Helping hand Dr Chhabria uses a magnetic device that is claimed to help against depression. (Photograph by Amit Haralkar)
Dr V. Subathra, principal of Aiman College of Arts and Science for Women in Trichy, feels uneasy about this trend. In March, she led a study on the level of social network addiction among college students and found that it all comes down to a vicious circle. Social media, by seeming to cater to loneliness, feeds off it and feeds it in turn, leading to more loneliness. “About 75 per cent of students we interviewed were lonely. There’s fewer siblings, a breakdown of joint families, little communication there. I belong to the 1950s—we used to visit cousins, play games, visit neighbours. Now we lead a very restricted, solitary life. We have less tolerance for people around us,” says the professor. So we would rather be by ourselves, but not truly alone—there is always that digital best friend to reach out to.
The problem is, loneliness isn’t tangible as other ailments can be; neither is it exclusive to those who trawl the net for long hours. It’s at its simplest a byproduct of our chaotic times, a fractured urbanity already producing it. But loneliness and digital addiction are inextricably linked, a topic much researched and written about in the western world. Indian society, too, is gradually coming to grips with it. It’s so much a part of our New Age lifestyle that it escapes not even artistic expression. In Delhi, this week, at an Alliance Francaise gallery, installation artist Suchitra Gahlot explores this thought process through a rather elaborate medium. Her work of art, fittingly titled ‘Shut Up, Internet!’, makes a point about digital living through 60 suspended glass jars that contain 40,000 e-mails, all torn up, dating from 1995. Bits of paper fly to a controlled turbulence within each jar. “I had started introspecting on my own digital behaviour, which led me to believe that maybe we should step back and think for a moment, ‘Is it making our lives richer? How does it change us?’ You do see the impact of digital dependency all around you: withdrawal symptoms, social awkwardness. It’s easier, even at the dinner table, to look into your phone than look your companion in the eye. We’ve come so far that it doesn’t even upset people anymore if their fellow diners are busy taking pictures of the food through dinner. My work seeks to call for a balance.”

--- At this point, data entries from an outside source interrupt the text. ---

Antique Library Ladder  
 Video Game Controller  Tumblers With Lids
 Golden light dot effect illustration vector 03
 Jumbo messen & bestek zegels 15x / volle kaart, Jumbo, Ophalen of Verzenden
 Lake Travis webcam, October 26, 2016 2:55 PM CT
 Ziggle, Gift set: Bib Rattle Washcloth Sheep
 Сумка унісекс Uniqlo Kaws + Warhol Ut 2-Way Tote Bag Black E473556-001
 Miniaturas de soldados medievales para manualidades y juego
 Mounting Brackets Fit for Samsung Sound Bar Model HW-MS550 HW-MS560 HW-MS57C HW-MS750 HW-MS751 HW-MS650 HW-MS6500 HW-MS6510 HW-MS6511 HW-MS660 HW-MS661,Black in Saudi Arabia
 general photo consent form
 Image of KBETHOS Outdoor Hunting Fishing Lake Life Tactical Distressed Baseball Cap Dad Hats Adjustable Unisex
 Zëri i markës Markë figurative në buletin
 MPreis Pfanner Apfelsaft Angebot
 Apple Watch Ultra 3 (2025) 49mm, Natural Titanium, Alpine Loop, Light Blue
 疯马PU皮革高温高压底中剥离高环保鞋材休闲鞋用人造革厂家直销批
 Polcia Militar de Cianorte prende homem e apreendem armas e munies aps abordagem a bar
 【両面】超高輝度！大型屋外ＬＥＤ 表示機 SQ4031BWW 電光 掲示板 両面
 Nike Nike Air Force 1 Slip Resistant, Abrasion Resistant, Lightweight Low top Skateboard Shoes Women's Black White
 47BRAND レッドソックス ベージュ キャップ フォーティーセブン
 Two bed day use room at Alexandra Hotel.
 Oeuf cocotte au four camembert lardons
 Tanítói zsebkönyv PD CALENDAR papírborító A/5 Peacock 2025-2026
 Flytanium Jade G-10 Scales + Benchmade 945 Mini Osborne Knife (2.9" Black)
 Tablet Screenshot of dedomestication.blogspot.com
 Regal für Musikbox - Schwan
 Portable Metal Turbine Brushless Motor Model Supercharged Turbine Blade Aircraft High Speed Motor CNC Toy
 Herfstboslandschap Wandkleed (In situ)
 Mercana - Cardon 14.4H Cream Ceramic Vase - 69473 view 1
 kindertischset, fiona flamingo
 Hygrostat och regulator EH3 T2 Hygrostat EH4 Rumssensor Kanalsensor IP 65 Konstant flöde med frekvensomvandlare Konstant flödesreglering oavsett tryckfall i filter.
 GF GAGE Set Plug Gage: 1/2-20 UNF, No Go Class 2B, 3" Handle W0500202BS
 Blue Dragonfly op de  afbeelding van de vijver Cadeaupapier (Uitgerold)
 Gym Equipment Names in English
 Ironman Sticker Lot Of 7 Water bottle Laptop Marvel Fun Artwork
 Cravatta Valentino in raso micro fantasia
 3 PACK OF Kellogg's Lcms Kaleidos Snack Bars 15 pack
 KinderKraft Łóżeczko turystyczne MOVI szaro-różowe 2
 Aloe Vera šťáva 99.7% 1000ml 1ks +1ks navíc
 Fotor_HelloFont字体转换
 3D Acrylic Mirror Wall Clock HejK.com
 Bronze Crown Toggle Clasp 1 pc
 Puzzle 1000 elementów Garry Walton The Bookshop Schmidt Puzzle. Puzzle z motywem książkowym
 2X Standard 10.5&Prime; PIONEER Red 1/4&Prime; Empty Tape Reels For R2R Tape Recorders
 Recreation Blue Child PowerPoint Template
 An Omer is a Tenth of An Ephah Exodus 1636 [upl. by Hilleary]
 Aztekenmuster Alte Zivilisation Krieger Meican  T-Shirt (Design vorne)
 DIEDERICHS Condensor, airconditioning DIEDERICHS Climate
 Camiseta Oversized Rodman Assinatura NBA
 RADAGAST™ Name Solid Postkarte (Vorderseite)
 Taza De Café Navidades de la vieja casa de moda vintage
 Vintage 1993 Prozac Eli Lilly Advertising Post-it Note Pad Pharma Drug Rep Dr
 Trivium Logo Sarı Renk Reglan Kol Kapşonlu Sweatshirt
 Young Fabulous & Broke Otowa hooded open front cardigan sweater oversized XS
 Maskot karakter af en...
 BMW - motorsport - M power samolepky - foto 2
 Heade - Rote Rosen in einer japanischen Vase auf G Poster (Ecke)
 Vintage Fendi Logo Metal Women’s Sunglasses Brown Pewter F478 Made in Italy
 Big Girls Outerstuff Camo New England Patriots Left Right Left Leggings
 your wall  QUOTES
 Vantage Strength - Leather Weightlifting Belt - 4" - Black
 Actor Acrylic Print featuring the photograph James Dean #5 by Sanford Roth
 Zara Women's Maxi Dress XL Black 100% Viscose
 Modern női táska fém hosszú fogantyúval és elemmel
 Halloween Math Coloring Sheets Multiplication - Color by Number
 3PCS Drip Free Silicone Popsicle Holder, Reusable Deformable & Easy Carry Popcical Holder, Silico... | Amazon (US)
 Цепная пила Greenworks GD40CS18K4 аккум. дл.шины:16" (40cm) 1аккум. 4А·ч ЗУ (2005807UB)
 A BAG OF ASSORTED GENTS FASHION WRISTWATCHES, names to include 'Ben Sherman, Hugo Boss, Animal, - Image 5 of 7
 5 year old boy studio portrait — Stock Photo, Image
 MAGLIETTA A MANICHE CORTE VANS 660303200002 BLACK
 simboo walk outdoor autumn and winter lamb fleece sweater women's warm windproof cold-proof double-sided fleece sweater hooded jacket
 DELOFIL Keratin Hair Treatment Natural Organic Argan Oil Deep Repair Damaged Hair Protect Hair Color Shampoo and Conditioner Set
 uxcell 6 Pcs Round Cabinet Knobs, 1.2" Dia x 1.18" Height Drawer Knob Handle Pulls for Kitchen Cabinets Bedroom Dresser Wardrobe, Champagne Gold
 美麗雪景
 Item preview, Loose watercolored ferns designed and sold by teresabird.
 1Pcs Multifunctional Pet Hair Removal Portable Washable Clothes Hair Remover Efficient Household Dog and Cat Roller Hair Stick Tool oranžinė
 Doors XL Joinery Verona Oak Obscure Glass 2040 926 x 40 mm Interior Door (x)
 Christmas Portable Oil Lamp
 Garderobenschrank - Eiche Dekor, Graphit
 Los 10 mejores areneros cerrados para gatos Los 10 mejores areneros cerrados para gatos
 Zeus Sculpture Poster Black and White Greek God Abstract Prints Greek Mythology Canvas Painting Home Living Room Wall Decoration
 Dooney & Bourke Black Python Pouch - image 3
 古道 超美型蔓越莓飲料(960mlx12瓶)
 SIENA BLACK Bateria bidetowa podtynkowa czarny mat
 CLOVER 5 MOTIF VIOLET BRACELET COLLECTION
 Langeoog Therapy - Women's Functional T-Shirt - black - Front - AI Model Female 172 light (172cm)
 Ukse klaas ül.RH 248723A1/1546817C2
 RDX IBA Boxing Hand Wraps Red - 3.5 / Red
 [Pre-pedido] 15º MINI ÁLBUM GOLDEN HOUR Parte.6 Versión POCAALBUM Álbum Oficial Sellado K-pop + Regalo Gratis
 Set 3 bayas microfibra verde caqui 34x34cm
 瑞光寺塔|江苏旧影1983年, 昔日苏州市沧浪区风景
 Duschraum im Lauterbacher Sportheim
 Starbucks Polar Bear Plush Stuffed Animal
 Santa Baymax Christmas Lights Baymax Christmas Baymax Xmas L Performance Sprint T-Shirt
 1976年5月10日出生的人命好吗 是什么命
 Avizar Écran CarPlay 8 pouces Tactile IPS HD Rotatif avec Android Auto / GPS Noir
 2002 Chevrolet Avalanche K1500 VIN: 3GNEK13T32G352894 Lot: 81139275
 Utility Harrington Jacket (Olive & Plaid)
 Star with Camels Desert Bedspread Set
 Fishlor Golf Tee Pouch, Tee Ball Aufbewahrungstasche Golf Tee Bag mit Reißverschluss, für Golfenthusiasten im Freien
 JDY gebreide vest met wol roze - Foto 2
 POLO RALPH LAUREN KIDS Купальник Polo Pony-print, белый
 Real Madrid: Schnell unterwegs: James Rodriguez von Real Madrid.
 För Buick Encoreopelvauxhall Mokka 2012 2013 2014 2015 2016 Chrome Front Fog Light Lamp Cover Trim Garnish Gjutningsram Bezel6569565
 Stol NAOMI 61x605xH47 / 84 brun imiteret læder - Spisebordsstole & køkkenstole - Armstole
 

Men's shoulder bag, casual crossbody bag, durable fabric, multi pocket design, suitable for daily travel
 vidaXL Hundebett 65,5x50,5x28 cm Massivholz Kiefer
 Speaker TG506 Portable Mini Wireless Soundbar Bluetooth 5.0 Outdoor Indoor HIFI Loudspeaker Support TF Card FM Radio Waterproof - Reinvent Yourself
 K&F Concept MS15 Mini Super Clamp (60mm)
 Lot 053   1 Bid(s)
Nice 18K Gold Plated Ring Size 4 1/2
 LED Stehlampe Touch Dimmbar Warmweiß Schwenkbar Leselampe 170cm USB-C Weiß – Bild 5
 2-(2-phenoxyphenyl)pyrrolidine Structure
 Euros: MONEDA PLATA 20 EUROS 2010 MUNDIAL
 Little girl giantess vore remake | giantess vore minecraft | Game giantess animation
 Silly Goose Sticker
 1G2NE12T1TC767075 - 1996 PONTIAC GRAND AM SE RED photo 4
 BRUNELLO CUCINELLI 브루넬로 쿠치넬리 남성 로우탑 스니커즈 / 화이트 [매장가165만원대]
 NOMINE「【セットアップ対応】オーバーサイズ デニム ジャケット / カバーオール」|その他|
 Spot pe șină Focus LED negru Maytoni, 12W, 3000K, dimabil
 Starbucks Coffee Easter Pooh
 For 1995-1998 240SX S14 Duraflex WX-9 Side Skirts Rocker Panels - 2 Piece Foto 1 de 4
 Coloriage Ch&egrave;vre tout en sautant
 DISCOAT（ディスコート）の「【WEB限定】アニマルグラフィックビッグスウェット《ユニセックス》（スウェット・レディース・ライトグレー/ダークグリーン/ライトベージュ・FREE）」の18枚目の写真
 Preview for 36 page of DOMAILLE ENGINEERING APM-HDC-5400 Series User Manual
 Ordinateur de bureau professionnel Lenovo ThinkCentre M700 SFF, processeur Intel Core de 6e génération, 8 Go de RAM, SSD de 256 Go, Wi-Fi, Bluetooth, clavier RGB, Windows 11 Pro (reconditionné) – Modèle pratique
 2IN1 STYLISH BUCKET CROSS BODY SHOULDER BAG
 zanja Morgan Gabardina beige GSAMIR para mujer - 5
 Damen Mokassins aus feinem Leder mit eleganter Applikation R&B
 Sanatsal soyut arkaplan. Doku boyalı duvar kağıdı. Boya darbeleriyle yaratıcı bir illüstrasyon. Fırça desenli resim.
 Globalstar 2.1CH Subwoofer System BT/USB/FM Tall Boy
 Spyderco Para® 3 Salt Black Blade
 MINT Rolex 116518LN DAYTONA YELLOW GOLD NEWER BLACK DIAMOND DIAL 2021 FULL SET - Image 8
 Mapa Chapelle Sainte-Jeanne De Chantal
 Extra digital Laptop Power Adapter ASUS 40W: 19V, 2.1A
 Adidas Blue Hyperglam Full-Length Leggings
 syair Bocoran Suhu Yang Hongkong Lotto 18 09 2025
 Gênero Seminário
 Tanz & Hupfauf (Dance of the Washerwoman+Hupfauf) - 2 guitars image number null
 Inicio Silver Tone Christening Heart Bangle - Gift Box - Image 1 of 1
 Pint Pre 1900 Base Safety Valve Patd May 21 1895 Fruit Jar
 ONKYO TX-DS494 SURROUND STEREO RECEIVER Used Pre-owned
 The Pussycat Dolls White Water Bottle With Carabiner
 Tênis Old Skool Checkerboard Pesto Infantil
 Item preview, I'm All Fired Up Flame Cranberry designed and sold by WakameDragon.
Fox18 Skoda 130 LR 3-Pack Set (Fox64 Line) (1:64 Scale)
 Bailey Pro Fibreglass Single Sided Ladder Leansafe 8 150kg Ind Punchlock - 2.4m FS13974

Suchitra Gahlot’s installation of suspended jars containing torn-up e-mails makes a comment on modern life. (Photograph by Sanjay Rawat)
According to Pune psychologist Geetha Suryanarayan, young introverts, or those who have social phobia and lack confidence, are more prone to falling prey to isolation. “These tools are intended to be used in moderation, but because of the multiplicity of these channels, something had to give. That something is meaningful, real-time relationships. So you seek instant gratification—Twitter being a great one for that—which leads you to believe you have a following hanging on to every word.” She speaks of a teenage boy who came to her with his father recently because he was hooked to his computer all night long. The net had become his sounding board. “From being a good student, he failed his exams. He was spending less time with real friends, felt suicidal. On the net, he created a fantasy world of the dark arts he wanted to pursue. He was losing touch with his present. In a larger sense, observes Delhi-based technology entrepreneur and social media professional Vinayak Garg, there is increasing alienation because even though you feel you are connected to hundreds of more people than say, 10 years ago, your interactions are not anything more than general small talk. “Earlier, an online presence was a reflection of what you did offline. It’s now the other way around—your offline actions are influenced by what you think you would want to portray online,” believes Garg. American social scientist Sherry Turkle, who studied how devices and online personas redefine human connection and authored the 2012 book Alone Together: Why We Expect More from Technology and Less from Each Other, sums it up best: “Being alone feels like a problem that needs to be solved.” You don’t need Google to tell you a simple fact: it really isn’t.